- STORED DATA:

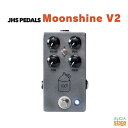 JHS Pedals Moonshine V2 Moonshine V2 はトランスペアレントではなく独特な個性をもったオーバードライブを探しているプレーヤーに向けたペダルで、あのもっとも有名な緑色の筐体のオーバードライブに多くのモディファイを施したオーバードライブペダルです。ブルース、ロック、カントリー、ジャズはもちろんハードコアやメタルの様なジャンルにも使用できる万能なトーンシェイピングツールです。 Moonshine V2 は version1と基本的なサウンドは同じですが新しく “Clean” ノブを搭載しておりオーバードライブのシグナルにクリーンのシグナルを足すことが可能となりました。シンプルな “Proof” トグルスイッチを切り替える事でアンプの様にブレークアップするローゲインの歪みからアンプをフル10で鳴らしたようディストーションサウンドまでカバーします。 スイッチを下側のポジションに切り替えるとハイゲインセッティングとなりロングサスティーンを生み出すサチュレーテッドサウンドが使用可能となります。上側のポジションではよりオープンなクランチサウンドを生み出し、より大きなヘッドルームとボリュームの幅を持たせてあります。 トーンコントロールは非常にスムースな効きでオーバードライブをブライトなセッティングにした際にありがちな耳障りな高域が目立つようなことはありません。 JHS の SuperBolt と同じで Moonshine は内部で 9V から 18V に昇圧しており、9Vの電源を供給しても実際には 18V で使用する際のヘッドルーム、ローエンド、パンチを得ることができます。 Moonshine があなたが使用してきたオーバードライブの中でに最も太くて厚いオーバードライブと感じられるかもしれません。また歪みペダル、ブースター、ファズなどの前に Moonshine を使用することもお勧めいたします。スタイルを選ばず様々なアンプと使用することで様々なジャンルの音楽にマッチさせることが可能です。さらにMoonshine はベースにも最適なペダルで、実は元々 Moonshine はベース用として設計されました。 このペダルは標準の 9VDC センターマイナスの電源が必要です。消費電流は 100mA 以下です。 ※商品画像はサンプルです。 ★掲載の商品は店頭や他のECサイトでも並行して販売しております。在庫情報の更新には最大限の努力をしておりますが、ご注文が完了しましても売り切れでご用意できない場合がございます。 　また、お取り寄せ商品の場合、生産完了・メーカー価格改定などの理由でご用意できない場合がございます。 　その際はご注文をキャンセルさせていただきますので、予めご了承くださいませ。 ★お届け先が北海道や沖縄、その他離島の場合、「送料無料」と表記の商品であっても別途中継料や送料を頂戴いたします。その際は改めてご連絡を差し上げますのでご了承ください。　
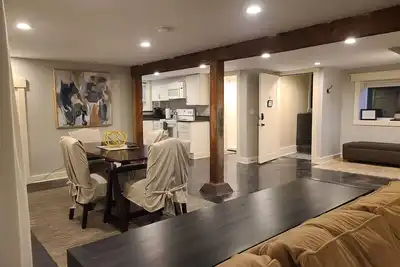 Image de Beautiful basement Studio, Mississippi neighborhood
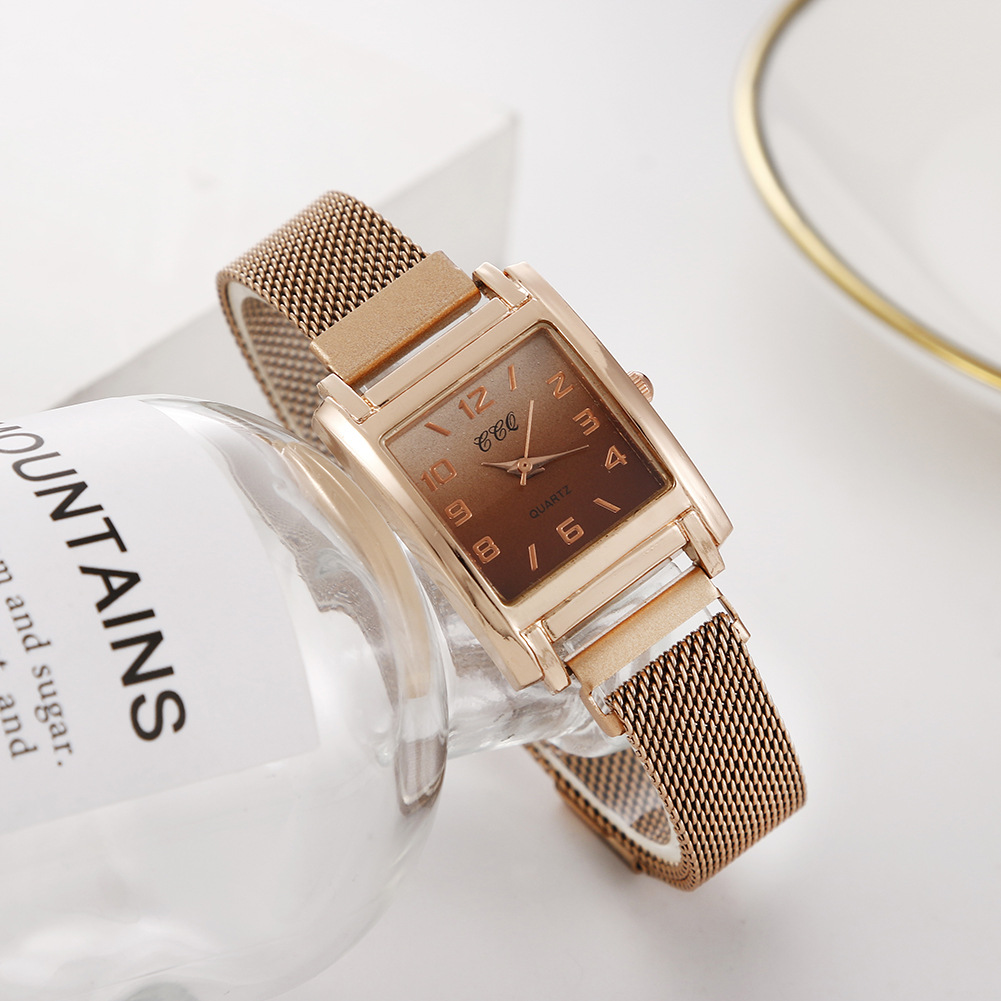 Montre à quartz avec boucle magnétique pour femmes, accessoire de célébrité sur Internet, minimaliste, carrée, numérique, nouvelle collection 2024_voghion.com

- PROBLEM DESCRIPTION: Please reproduce the material above word for word, without its images.

- SOLVED PROBLEM:
 JHS Pedals Moonshine V2 Moonshine V2 はトランスペアレントではなく独特な個性をもったオーバードライブを探しているプレーヤーに向けたペダルで、あのもっとも有名な緑色の筐体のオーバードライブに多くのモディファイを施したオーバードライブペダルです。ブルース、ロック、カントリー、ジャズはもちろんハードコアやメタルの様なジャンルにも使用できる万能なトーンシェイピングツールです。 Moonshine V2 は version1と基本的なサウンドは同じですが新しく “Clean” ノブを搭載しておりオーバードライブのシグナルにクリーンのシグナルを足すことが可能となりました。シンプルな “Proof” トグルスイッチを切り替える事でアンプの様にブレークアップするローゲインの歪みからアンプをフル10で鳴らしたようディストーションサウンドまでカバーします。 スイッチを下側のポジションに切り替えるとハイゲインセッティングとなりロングサスティーンを生み出すサチュレーテッドサウンドが使用可能となります。上側のポジションではよりオープンなクランチサウンドを生み出し、より大きなヘッドルームとボリュームの幅を持たせてあります。 トーンコントロールは非常にスムースな効きでオーバードライブをブライトなセッティングにした際にありがちな耳障りな高域が目立つようなことはありません。 JHS の SuperBolt と同じで Moonshine は内部で 9V から 18V に昇圧しており、9Vの電源を供給しても実際には 18V で使用する際のヘッドルーム、ローエンド、パンチを得ることができます。 Moonshine があなたが使用してきたオーバードライブの中でに最も太くて厚いオーバードライブと感じられるかもしれません。また歪みペダル、ブースター、ファズなどの前に Moonshine を使用することもお勧めいたします。スタイルを選ばず様々なアンプと使用することで様々なジャンルの音楽にマッチさせることが可能です。さらにMoonshine はベースにも最適なペダルで、実は元々 Moonshine はベース用として設計されました。 このペダルは標準の 9VDC センターマイナスの電源が必要です。消費電流は 100mA 以下です。 ※商品画像はサンプルです。 ★掲載の商品は店頭や他のECサイトでも並行して販売しております。在庫情報の更新には最大限の努力をしておりますが、ご注文が完了しましても売り切れでご用意できない場合がございます。 　また、お取り寄せ商品の場合、生産完了・メーカー価格改定などの理由でご用意できない場合がございます。 　その際はご注文をキャンセルさせていただきますので、予めご了承くださいませ。 ★お届け先が北海道や沖縄、その他離島の場合、「送料無料」と表記の商品であっても別途中継料や送料を頂戴いたします。その際は改めてご連絡を差し上げますのでご了承ください。　
 Image de Beautiful basement Studio, Mississippi neighborhood
 Montre à quartz avec boucle magnétique pour femmes, accessoire de célébrité sur Internet, minimaliste, carrée, numérique, nouvelle collection 2024_voghion.com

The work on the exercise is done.